The paper tackles the challenge of learning local similarity/distance metrics in real-world datasets where feature discrimination varies across regions, by proposing an online multiple metric learning framework that combines global and local components to reduce overfitting and improve scalability. The result is a scalable method that efficiently handles high-dimensional data while maintaining predictive performance, based on Passive/Aggressive and extended with Dual Random Projection.
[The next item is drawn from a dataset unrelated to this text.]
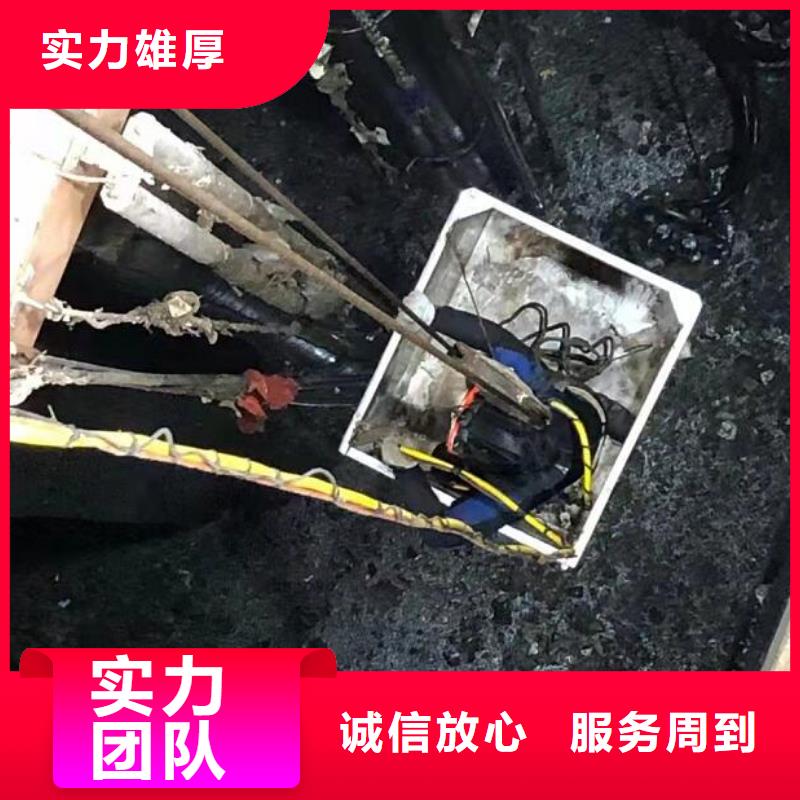高邮区水下打捞{打捞手机}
Similarity/Distance measures play a key role in many machine learning, pattern recognition, and data mining algorithms, which leads to the emergence of metric learning field. Many metric learning algorithms learn a global distance function from data that satisfy the constraints of the problem. However, in many real-world datasets that the discrimination power of features varies in the different regions of input space, a global metric is often unable to capture the complexity of the task. To address this challenge, local metric learning methods are proposed that learn multiple metrics across the different regions of input space. Some advantages of these methods are high flexibility and the ability to learn a nonlinear mapping but typically achieves at the expense of higher time requirement and overfitting problem. To overcome these challenges, this research presents an online multiple metric learning framework. Each metric in the proposed framework is composed of a global and a local component learned simultaneously. Adding a global component to a local metric efficiently reduce the problem of overfitting. The proposed framework is also scalable with both sample size and the dimension of input data. To the best of our knowledge, this is the first local online similarity/distance learning framework based on PA (Passive/Aggressive). In addition, for scalability with the dimension of input data, DRP (Dual Random Projection) is extended for local online learning in the present work. It enables our methods to be run efficiently on high-dimensional datasets, while maintains their predictive performance. The proposed framework provides a straightforward local extension to any global online similarity/distance learning algorithm based on PA.